I bought 10 lbs of marbles from someone on Ebay when I first started with the intent to use them to fill headspace. 10 lbs doesn't even fill a one gal jug. It's more like about 2 qt's. 
They come out of the carboy rather easy if you just tip it over into a strainer.

For my 6 gal kits, it just rack down to 5 gal carboys now. I only use the marbles in my 1 gal fruit wines.


----------



## ckvchestnut (Feb 14, 2014)

Thanks Lori! What about 5 gal juice buckets? I filled my plastic carboy today with 5 1/2 gal of water have no idea if it was supposed to be 5 or 6 that's sad in my opinion 

Might use my 5 gallon spring water jug to rack into reluctantly


----------



## LoneStarLori (Feb 14, 2014)

I have one 6 gal glass and the rest are all 5 gal. I like to have several batches going and the only time there is 6 gallons, is when I rack from the primary. 
I noticed the other day while racking from one 5 gal to another I didn't have enough room in the one I was racking to. They were both Italian too. Thats when I decided to measure and sure enough, there was about a quart difference between them. I marked a line with nail polish at the 5 gal mark so I will know which is the bigger one next time.
If you don't have a glass 5 gal, I don't think using a water bottle will hurt.

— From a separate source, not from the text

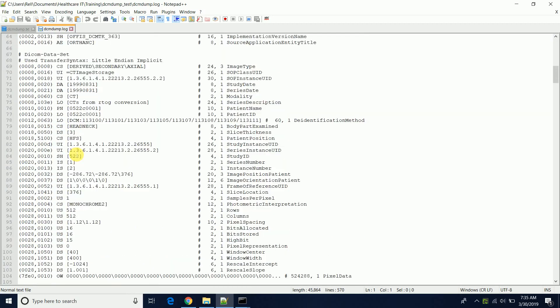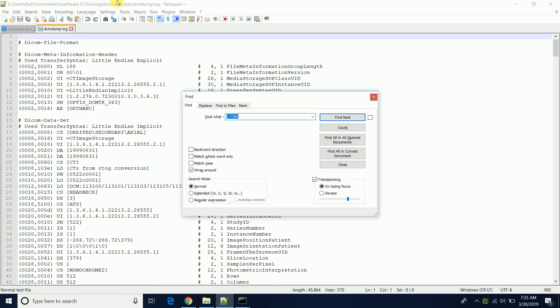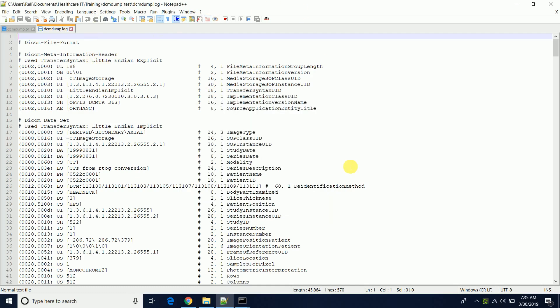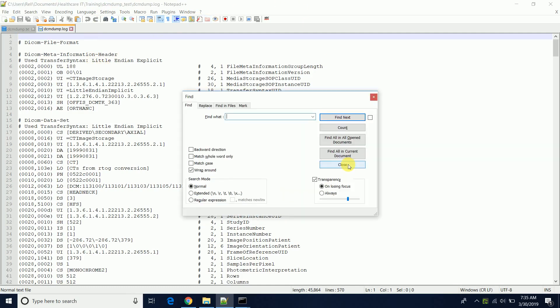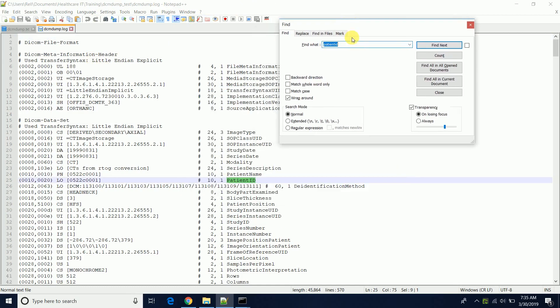And so if you were looking for something in particular, you could just do a search. You can just do control F, search for patient ID, and then you can just find certain tags and see what the actual value is, the actual DICOM tag itself. You could just do a search and find the information that you need to see.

At least not for a while. It's probably better than the buckets because of less air surface are. 
If you are going to bulk age, I would def get a glass one.

Now that you have lost all faith in carboy measurements, can I interest you in some marbles? lol


----------



## ckvchestnut (Feb 14, 2014)

Haha! You want to give me some marbles? Lol I have all 6 gals 3 gals and a few 1 gals which are plastic lol need some "5's" I guess lol


----------



## JetJockey (Feb 14, 2014)

My local wine store sells 6.5, 6, 5, 3 and one gallon glass carboys/jugs! I bought mine while listed at 6 gallon glass Italian and they are actually closer to 6.5 gallons. I now add my water for DB to the 6 gallon+ line on my 7.X gallon primary and then add the fruit (more than the recipe). This puts me about 1/2 inch below the primary lip. Carefully stirring! I end up not having to top up the 6.5 gal carboy when racking DB from primary to secondary. I have two 5 gallon cayboys that I use for wine with more lees so that I don't have to dilute the primary or top off. I reserve any extra in 1 gallon or 1/2 gallons to top up with.


----------



## ckvchestnut (Feb 14, 2014)

Oh and I will get some 5 gal carboys just wasn't sure how fast lol


----------



## sour_grapes (Feb 14, 2014)

ckvchestnut said:


> Ummm I get messages at my pump that say corrected volume and some temp degree what does that mean?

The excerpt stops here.